What? Wagner is testosterone filled, macho man's music, mainly. But we are guys are we not, so what's your problem with that?


----------



## SiegendesLicht (Mar 4, 2012)

ericdxx said:


> What? Wagner is testosterone filled, macho man's music, mainly. But we are guys are we not, so what's your problem with that?


Hey, I am a girl, and I love Wagner's musical machismo too. The orchestral interlude at the beginning of Lohengrin, Act III, Scene 3 - music does not get manlier than that.

I adore Schubert and Beethoven, I love Bach and Mozart, but no other music resounds in me with its every note as powerfully as Wagner's. I remember days when I listened to "Die Meistersinger" after a particularly tiring day at work. I can describe my feelings only as being drunk on music.


----------



## Aramis (Mar 1, 2009)




----------



## Jobis (Jun 13, 2013)

Its passionate without being the least bit overwrought, its simple without being dull, its complicated without being convoluted, it's wonderful!!!!!


----------



## DavidA (Dec 14, 2012)

ericdxx said:


> What? Wagner is testosterone filled, macho man's music, mainly. But we are guys are we not, so what's your problem with that?


No problem. Just I don't love it. Why should I? The music deals with totally unloveable characters anyway. I mean, who could love a character like Siegfried.

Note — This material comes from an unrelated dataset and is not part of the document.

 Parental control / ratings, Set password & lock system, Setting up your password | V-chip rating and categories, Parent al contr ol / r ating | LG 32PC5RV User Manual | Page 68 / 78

The only person to fall in love with him was his aunt!


----------



## DavidA (Dec 14, 2012)

Jobis said:


> Its passionate without being the least bit overwrought, its simple without being dull, its complicated without being convoluted, it's wonderful!!!!!

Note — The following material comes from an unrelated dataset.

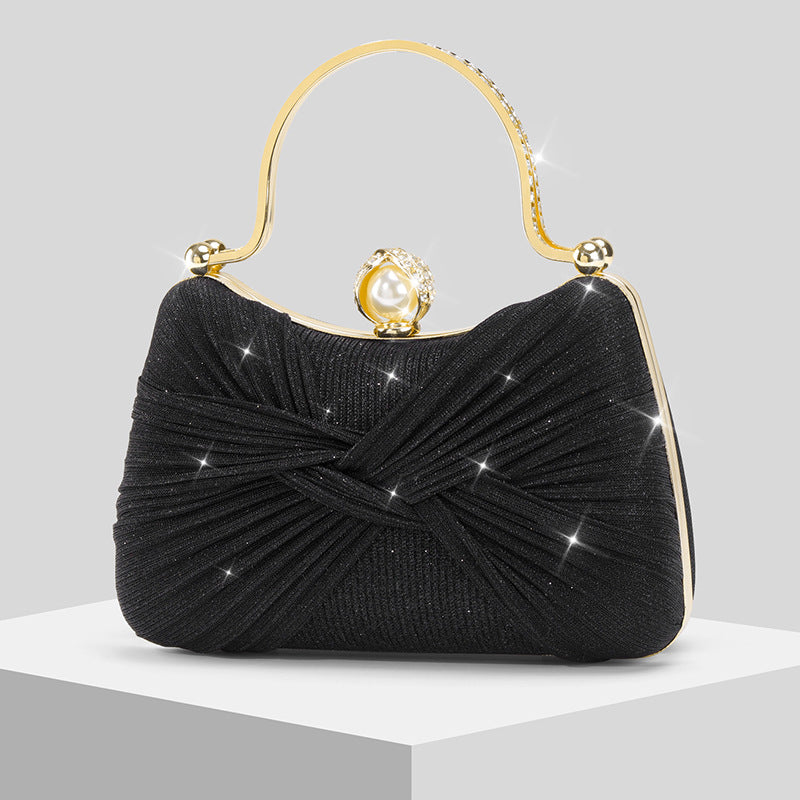 Pleated Shimmer Evening Bag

Do you listen to the same Wagner I listen to. The expressions 'not the least bit overwrought' and 'simple' are not the expressions O would apply to the music.


----------



## Copperears (Nov 10, 2013)

Well compared to, say, "Dexter" ..... Now THAT is overwrought.:tiphat:


----------



## Don Fatale (Aug 31, 2009)

Primarily it's the orchestration which is astonishing at many points. With the Ring in particular, getting to know the music and the leitmotifs gives great pleasure on multiple listens over the years. It took me longer to really love the singing and I still find some of the passages too long and unengaging. However it makes for a fascinating experience in comparing the different voices and performances in my record/DVD collections.

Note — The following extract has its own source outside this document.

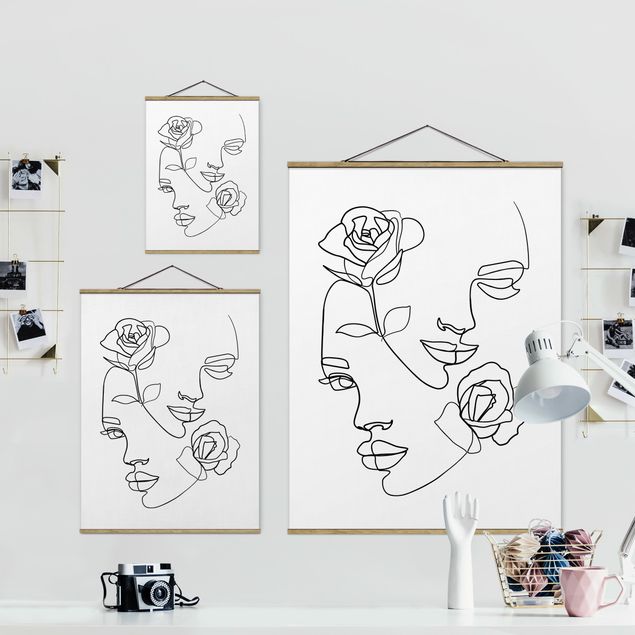 Fabric print with poster hangers - Line Art Faces Women Roses Black And White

Much as I enjoy watching DVDs, nothing is comparable to being at a good live performance and getting the ultimate culture fix. To feel enveloped by the sound of a Wagner orchestra over several hours is better than pretty much anything except intimate relations... and even that is arguable.


----------



## Jobis (Jun 13, 2013)

DavidA said:


> Do you listen to the same Wagner I listen to. The expressions 'not the least bit overwrought' and 'simple' are not the expressions O would apply to the music.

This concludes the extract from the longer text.